Having got this far, you should now be in a position to define a personal training program including both work related and private learning activities.

This need not, indeed should not, be complicated, nor should it be too ambitious. You want to succeed, not fail. To this end, try to chunk things into the smallest possible bits so that you can do them easily and thus build a sense of momentum.

Thursday, June 08, 2006

On Time and Training

In a recent post on his FRACAT (Free Resume and Career Toolbox) blog - http://www.fracat.com/index.html - Dan Sweet commented that he talked to a lot of job candidates who complained that their employer had not offered any training.

Dan's experience fits with my own. However, and as Dan said, it is up to the individual to make sure that their skills are current. So that started me wondering why individuals had so much trouble in defining personal education and training programs..

Time pressures are an obvious problem. Unless compelled to do so, we all tend to put our own training and personal development in the important but not urgent basket. Cash is another issue, although an enormous amount of material is available for free. But beyond this, I wonder if the problem simply is that people do not know how to develop their own training program?

It seems to me that many of us get locked into a triangle made up of formal qualification courses at one apex, generally short course corporate offerings at the second and, in some cases, continuing professional development requirements at the third.

The difficulty with this lock-in, at least as I see it, is that it ignores the single most important thing, the individual's real training needs. These may or may not fit within the triangle. So we have to start by defining those needs before we can define the required training program

However, this leads us straight back to the core problem in that many people have great difficulty in defining their training needs and hence in defining the training required to meet those needs.

I will return to this issue in my next post, looking at ways in which individuals can in fact plan to meet their own training needs.

Wednesday, June 07, 2006

Time, or the Lack of It

Where does the time go? A month since my last post, and I wanted to use this blog to chat about all the things that would otherwise be submerged!

I will try to do better.

Saturday, May 06, 2006

On Time, Business Fads and the Destruction of Value

We all complain, certainly I do, about the way in which our lives seem to chew up time.
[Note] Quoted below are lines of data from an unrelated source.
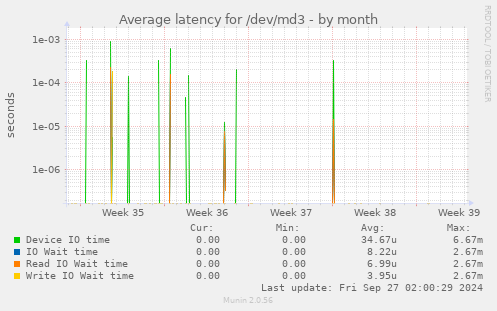 Average latency for /dev/md3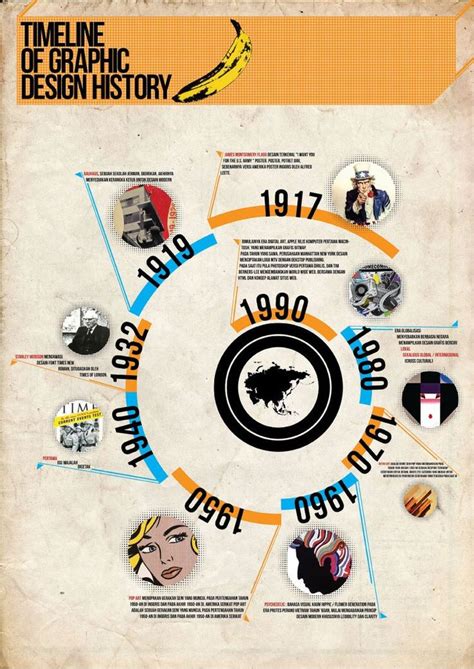 Infographics- Timeline of Graphic Design History | Graphic design ...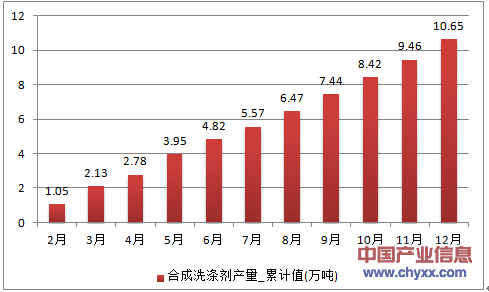2016年1-12月云南省合成洗涤剂累计产量
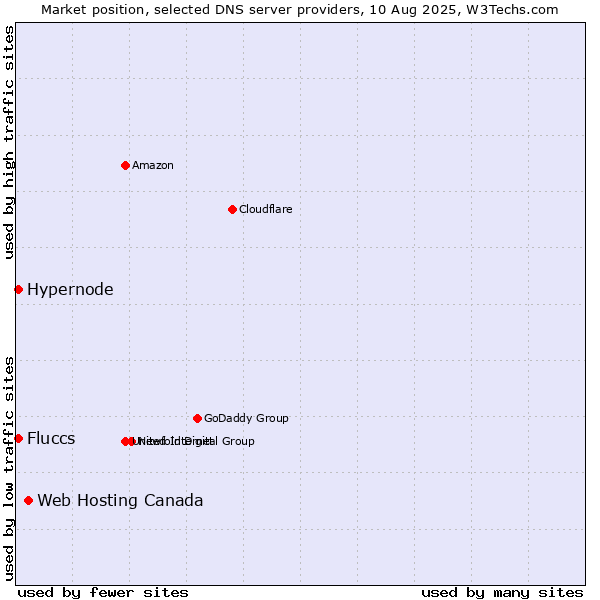 Market position of Web Hosting Canada vs. Hypernode vs. Fluccs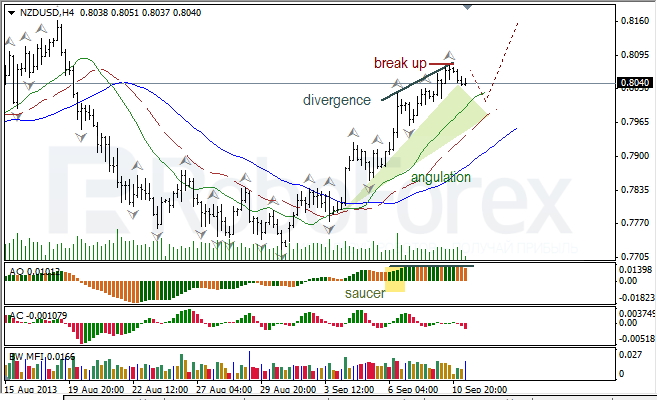 Анализ индикаторов Б. Вильямса для NZD/USD на 11.09.2013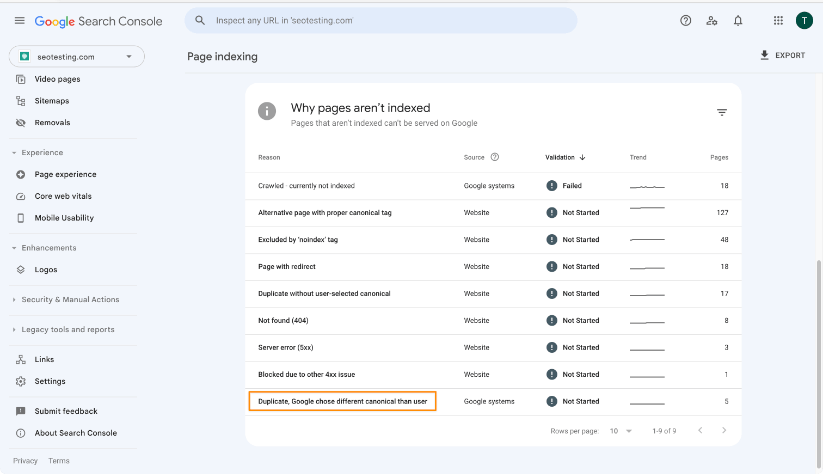 List of indexing errors in Google Search Console.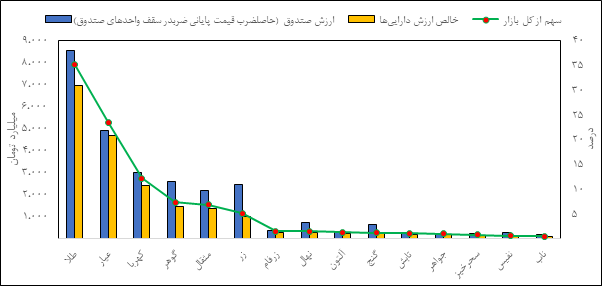 مروری بر معاملات بازار مالی و مشتقه در هفته اخیر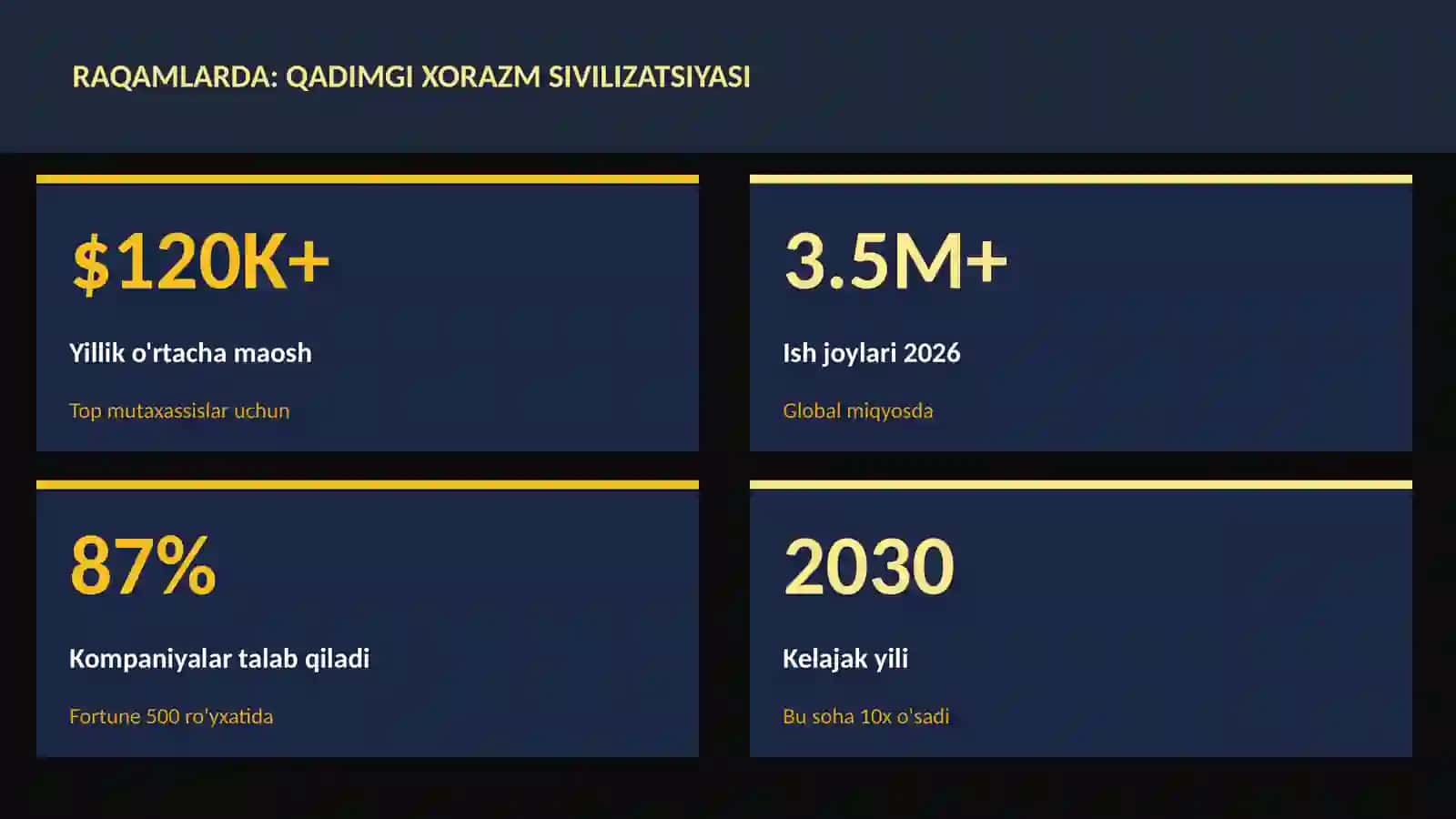 Qadimgi Xorazm sivilizatsiyasi 3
We are so busy travelling, so busy doing things, that spare discretionary time seems to vanish. From a business advisory viewpoint, everything has to be done and presented to fit in with the very limited time clients have to consider issues.
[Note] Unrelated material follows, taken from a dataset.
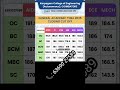 Karpagam Engineering Cutoff 2026 😱 170+ Enough! 🔥 Low Fees College! #karpagam #cutoff2026 #tnea2026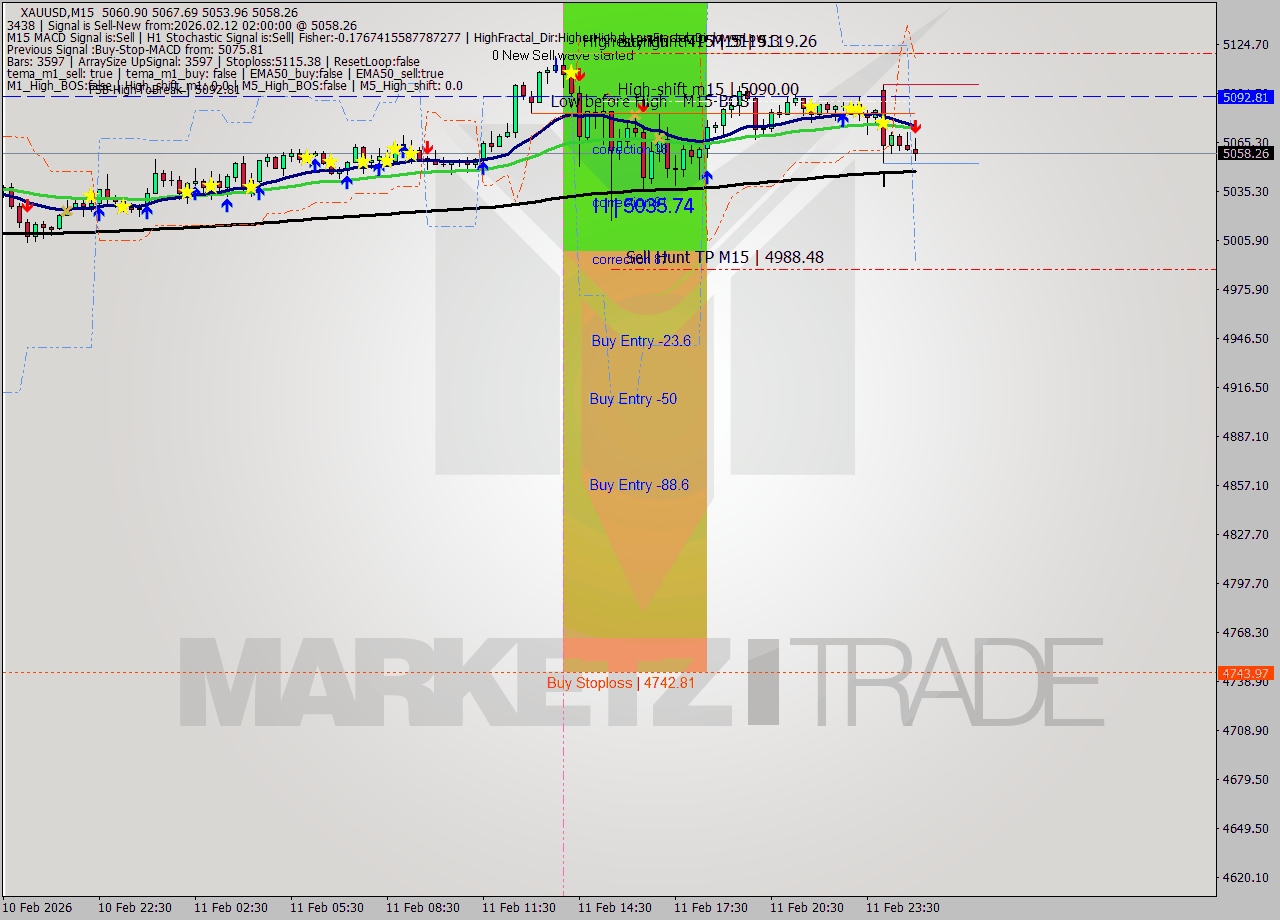 XAUUSD M15 Analysis XAUUSD M15 Signal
This obsession with time extends to payback issues. Results must come quickly or the project will be shelved. This obsession with quick results makes executives, and especially CEO's, incredibly vulnerable to new magic bullet ideas promising great results in short time. Yet the reality is that most most new things take time to plan, time to develop, time to consolidate. Yes, we can shorten the time involved through better planning and project management, but there is still an irreducible minimum required.

The problem is greatest in people related activities. We all still accept that a major engineering project will take time because of the technical and logistic issues involved. But when it comes to investment in people, in the development of structures and supporting processes and cultures, we now want instant results. The outcome can be disastrous.

The current obsession with brands and branding is a case in point. Brands are seen as something with value to be managed and maximised. All this is of course true. Yet when we look back over the last fifty years, it has been the greatest period of brand destruction in history measured by the number of previously great brands that have simply vanished.

This shortening brand life expectancy is simply accepted as a feature of modern life, something inevitable in a world of greater information and rapid change. I challenge this idea of inevitability. I would argue that brand preservation is still possible, but only if a longer term management approach is adopted.